Peter Gustav Lejeune Dirichlet

Peter Gustav Lejeune Dirichlet (1805–1859) was a German mathematician so careful and so clear that many people say he invented the modern idea of what a proof should look like. He was gentle, a little shy, and famously reluctant to write letters home — legend has it that when his first son was born, he telegraphed his father-in-law nothing but the news that 2 + 1 = 3.

The stroke of genius

Dirichlet proved one of the loveliest results in number theory: that every arithmetic progression whose first term and step share no common factor contains infinitely many primes. To do it he built powerful new tools — the infinite sums now called Dirichlet series — welding calculus onto counting primes and helping launch the whole field of analytic number theory.
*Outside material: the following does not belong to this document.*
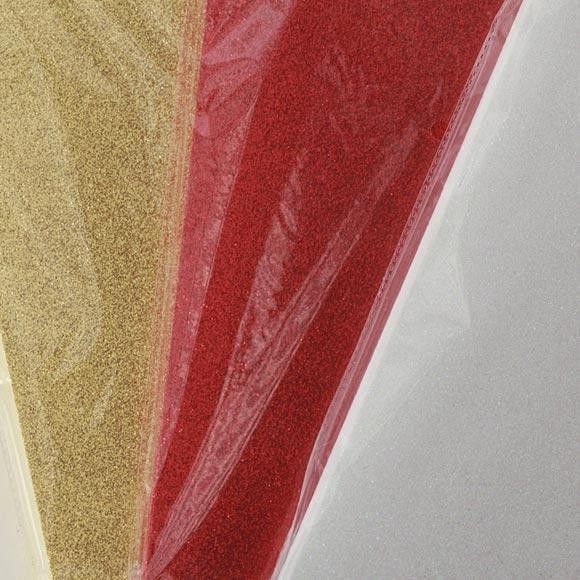 Primer plano de tres hojas de colores: dorada, roja y blanca, cada una envuelta en plástico transparente.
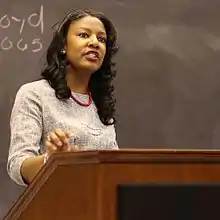 Jones speaking behind a podium during a 2017 debate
His name is also stamped on the "Dirichlet function", the "pigeonhole principle" (which he called the drawer principle), and boundary conditions used in physics.

Dirichlet adored Gauss's masterpiece Disquisitiones Arithmeticae so much that he reportedly carried it everywhere and kept it by his bed to consult day or night — it was the most thumbed book he owned. When he finally succeeded Gauss at Göttingen, it felt like the torch of number theory passing hand to hand. He was also famous for being an unhurried, patient teacher who would rather his students truly understood one line than raced through ten.